§ **What to do**
Could you print exactly the lines of the listing below, starting at the line that has "Multilevel книги, Listening, Writing, Reading, Mock, Mock" and ending at the line that has "2016 Sea Ray", and only those lines?

Recorded data section start

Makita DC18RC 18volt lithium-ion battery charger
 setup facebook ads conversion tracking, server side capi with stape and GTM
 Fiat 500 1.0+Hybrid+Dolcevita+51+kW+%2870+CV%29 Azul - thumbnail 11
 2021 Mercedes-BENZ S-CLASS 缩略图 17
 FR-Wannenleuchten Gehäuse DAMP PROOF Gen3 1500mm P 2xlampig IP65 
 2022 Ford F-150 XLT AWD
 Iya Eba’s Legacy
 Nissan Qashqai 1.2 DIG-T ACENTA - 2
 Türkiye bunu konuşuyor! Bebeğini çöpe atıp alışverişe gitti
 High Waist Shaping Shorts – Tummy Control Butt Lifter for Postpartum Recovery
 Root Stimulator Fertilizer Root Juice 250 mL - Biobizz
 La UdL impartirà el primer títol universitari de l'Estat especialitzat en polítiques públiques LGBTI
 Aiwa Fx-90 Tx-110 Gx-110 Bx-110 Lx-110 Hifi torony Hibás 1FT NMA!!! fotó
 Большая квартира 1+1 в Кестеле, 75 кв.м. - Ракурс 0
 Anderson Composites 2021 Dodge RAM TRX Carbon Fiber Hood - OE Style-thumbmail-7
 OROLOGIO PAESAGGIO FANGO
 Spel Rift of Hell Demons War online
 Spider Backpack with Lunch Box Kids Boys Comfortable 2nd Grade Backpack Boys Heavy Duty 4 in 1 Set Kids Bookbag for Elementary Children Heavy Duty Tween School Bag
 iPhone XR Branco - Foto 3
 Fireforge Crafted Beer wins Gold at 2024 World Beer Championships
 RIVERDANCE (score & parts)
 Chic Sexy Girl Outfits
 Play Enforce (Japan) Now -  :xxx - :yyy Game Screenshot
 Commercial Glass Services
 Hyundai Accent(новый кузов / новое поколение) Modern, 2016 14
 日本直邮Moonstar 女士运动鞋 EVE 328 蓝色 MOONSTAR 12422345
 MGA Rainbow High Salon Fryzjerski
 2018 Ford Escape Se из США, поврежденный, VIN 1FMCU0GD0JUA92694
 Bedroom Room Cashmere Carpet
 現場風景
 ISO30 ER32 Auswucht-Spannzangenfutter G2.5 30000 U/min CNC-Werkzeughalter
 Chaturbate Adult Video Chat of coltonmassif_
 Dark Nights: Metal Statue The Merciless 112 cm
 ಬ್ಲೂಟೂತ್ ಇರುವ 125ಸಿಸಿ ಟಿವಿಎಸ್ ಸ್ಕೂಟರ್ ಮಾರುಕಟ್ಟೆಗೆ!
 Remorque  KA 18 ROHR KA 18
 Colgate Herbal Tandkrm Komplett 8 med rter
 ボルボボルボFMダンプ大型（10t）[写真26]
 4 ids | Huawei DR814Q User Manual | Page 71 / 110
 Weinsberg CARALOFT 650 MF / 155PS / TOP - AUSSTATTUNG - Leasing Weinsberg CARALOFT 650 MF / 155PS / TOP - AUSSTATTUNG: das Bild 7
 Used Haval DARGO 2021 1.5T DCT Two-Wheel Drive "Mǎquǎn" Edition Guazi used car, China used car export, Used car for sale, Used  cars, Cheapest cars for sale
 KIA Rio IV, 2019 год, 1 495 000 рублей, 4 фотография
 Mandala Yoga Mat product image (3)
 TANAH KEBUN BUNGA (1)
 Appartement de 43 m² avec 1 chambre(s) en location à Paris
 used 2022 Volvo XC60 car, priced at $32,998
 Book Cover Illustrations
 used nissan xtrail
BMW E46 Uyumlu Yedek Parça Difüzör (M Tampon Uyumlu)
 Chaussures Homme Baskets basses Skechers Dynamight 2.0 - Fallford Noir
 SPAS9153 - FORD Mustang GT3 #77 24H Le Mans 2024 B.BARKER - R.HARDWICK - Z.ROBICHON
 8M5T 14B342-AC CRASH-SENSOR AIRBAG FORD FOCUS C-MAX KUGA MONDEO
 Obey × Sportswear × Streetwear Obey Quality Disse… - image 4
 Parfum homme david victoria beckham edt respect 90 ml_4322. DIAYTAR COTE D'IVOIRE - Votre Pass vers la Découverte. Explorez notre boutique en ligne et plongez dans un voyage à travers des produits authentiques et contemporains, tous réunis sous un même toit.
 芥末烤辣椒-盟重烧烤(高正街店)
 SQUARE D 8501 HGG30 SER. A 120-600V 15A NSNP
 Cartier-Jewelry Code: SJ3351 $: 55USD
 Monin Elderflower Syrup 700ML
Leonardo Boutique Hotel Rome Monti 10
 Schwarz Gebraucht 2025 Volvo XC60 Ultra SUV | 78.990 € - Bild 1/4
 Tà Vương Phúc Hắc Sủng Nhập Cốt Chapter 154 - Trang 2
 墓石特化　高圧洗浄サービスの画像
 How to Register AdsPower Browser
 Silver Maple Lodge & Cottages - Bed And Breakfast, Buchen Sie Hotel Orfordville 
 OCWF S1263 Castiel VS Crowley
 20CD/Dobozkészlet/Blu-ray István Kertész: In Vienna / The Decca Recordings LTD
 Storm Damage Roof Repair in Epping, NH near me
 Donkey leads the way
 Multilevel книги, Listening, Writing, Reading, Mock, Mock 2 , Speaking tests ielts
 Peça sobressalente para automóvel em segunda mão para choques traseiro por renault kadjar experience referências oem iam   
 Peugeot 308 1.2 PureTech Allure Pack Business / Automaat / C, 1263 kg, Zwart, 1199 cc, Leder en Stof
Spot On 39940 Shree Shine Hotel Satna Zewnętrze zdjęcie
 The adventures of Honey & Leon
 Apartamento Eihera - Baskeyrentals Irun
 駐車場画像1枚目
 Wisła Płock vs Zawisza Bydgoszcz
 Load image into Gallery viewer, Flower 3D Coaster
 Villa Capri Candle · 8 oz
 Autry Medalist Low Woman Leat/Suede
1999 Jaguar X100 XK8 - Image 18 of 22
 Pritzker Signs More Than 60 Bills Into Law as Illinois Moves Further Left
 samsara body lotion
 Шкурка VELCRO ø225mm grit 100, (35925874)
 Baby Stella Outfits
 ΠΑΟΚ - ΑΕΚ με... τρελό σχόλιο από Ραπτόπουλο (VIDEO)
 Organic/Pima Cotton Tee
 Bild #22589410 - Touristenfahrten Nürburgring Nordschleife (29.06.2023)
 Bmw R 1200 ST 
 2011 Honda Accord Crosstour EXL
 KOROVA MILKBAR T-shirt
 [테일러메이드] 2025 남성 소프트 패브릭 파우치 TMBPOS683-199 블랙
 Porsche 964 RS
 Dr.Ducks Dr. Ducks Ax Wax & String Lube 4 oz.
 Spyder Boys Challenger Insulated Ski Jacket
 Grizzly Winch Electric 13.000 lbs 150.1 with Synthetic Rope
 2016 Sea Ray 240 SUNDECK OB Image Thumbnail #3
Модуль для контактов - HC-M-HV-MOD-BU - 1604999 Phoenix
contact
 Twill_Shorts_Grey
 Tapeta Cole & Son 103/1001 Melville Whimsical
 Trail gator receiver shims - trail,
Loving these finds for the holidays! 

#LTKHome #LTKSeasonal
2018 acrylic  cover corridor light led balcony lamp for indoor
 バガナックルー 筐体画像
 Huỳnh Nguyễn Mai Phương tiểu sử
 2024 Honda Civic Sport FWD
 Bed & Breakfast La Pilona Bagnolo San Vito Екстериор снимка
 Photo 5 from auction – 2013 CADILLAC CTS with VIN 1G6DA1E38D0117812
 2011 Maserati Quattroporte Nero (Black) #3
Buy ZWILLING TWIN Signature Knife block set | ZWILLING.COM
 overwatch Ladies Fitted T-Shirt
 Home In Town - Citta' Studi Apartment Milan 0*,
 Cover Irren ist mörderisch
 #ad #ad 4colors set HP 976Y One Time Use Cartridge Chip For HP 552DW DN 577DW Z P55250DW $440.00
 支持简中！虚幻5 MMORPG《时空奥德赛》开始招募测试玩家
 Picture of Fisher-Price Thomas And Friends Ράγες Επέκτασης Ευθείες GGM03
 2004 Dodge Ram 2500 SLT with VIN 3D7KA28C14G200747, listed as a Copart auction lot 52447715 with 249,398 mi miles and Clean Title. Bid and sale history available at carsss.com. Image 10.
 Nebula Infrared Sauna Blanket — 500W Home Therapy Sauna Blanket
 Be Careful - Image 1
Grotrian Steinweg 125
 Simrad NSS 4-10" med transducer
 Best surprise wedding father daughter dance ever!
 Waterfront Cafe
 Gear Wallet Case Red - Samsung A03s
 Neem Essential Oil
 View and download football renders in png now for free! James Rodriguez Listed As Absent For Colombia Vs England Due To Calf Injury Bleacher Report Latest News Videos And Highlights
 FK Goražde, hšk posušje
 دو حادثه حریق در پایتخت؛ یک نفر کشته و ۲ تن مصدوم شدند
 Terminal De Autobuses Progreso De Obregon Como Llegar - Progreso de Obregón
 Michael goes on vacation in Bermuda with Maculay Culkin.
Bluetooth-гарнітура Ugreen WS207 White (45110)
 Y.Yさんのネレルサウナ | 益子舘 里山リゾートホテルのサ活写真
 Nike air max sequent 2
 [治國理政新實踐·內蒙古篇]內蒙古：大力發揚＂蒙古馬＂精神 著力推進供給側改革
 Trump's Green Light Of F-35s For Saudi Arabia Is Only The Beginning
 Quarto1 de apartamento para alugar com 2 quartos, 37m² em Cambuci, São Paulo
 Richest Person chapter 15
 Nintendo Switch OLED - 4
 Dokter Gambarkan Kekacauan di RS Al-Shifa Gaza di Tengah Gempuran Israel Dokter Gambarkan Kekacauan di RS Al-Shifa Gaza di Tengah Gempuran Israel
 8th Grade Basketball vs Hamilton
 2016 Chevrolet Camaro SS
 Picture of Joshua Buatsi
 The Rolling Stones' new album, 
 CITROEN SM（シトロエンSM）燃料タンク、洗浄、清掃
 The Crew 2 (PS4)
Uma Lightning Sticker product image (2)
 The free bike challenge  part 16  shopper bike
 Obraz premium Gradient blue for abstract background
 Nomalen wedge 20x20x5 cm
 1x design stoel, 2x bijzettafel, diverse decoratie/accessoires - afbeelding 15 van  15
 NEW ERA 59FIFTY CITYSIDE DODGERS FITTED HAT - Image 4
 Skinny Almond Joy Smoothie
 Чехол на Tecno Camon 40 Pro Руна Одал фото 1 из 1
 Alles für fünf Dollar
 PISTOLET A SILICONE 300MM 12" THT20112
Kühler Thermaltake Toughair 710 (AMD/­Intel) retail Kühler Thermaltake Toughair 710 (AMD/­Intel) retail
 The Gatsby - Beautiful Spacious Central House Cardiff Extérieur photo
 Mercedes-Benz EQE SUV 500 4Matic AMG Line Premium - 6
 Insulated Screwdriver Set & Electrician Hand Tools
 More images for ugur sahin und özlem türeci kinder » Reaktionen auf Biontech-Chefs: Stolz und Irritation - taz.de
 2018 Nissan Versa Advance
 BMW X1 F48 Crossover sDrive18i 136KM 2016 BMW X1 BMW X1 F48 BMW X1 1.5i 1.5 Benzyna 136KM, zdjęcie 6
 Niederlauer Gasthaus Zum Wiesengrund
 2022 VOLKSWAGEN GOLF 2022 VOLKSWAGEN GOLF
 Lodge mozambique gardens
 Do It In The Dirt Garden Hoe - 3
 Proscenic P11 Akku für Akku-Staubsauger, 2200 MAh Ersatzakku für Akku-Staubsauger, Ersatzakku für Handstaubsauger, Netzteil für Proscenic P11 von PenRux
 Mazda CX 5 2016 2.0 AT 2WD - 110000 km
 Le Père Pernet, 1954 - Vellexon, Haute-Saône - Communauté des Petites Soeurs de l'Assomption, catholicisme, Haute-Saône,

Recorded data section end

§ **Written solution**
 Multilevel книги, Listening, Writing, Reading, Mock, Mock 2 , Speaking tests ielts
 Peça sobressalente para automóvel em segunda mão para choques traseiro por renault kadjar experience referências oem iam   
 Peugeot 308 1.2 PureTech Allure Pack Business / Automaat / C, 1263 kg, Zwart, 1199 cc, Leder en Stof
Spot On 39940 Shree Shine Hotel Satna Zewnętrze zdjęcie
 The adventures of Honey & Leon
 Apartamento Eihera - Baskeyrentals Irun
 駐車場画像1枚目
 Wisła Płock vs Zawisza Bydgoszcz
 Load image into Gallery viewer, Flower 3D Coaster
 Villa Capri Candle · 8 oz
 Autry Medalist Low Woman Leat/Suede
1999 Jaguar X100 XK8 - Image 18 of 22
 Pritzker Signs More Than 60 Bills Into Law as Illinois Moves Further Left
 samsara body lotion
 Шкурка VELCRO ø225mm grit 100, (35925874)
 Baby Stella Outfits
 ΠΑΟΚ - ΑΕΚ με... τρελό σχόλιο από Ραπτόπουλο (VIDEO)
 Organic/Pima Cotton Tee
 Bild #22589410 - Touristenfahrten Nürburgring Nordschleife (29.06.2023)
 Bmw R 1200 ST 
 2011 Honda Accord Crosstour EXL
 KOROVA MILKBAR T-shirt
 [테일러메이드] 2025 남성 소프트 패브릭 파우치 TMBPOS683-199 블랙
 Porsche 964 RS
 Dr.Ducks Dr. Ducks Ax Wax & String Lube 4 oz.
 Spyder Boys Challenger Insulated Ski Jacket
 Grizzly Winch Electric 13.000 lbs 150.1 with Synthetic Rope
 2016 Sea Ray 240 SUNDECK OB Image Thumbnail #3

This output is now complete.